To be honest, I'm *this* bothered what you think of it, deary.


----------



## electrogirl (Jul 22, 2008)

Iam said:


> To be honest, I'm *this* bothered what you think of it, deary.



ooooooooh patronising tone, my fave.

what a bozo.


----------



## JTG (Jul 22, 2008)

electrogirl said:


> you could say that about any part of the city! i haven't been up gloucester road for ages and i used to live there, i hadn't been up in clifton for ages either until this weekend...that's a weird point you made there.



It's actually entirely valid and you can't say it about anywhere else in the city either.

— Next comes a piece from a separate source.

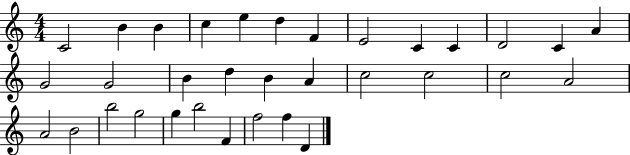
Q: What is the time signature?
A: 4/4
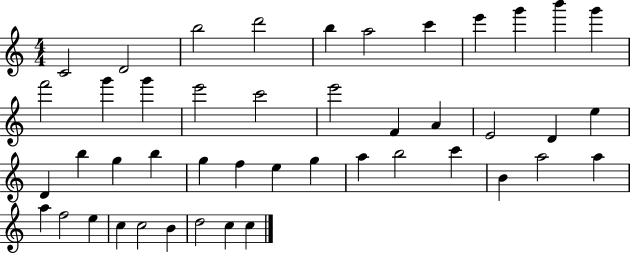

Anyway, strung out is entirely correct about the irritating arses at Clifton Down Sainsburys and the very fact that there's a Fresh & Wild there at all tells you everything you should ever need to know.


----------



## electrogirl (Jul 22, 2008)

JTG said:


> It's actually entirely valid and you can't say it about anywhere else in the city either.
> 
> Anyway, strung out is entirely correct about the irritating arses at Clifton Down Sainsburys and the very fact that there's a Fresh & Wild there at all tells you everything you should ever need to know.



jsut sounds like some beautiful reverse snobbery to me.


----------



## strung out (Jul 22, 2008)

i had a customer come in the other day who had ordered some bread to be freshly baked for when she came in at 5pm. anyway, she came in at 5 and the person who had supposed to be baking it had been through a busy patch and completely forgotten to bake the bread. the customer stormed out of the shop furiously proclaiming that her foie gras would be ruined


----------



## Iam (Jul 22, 2008)

electrogirl said:


> ooooooooh patronising tone, my fave.
> 
> what a bozo.



ooooh, name calling, my fave.

what an attention seeker!


----------



## electrogirl (Jul 22, 2008)

strung_out said:


> i had a customer come in the other day who had ordered some bread to be freshly baked for when she came in at 5pm. anyway, she came in at 5 and the person who had supposed to be baking it had been through a busy patch and completely forgotten to bake the bread. the customer stormed out of the shop furiously proclaiming that her foie gras would be ruined



yes a tosser, but a tosser that could appear anywhere!


----------



## electrogirl (Jul 22, 2008)

Iam said:


> ooooh, name calling, my fave.
> 
> what an attention seeker!



what are you on? bozo is hardly at the edge of namecalling is it?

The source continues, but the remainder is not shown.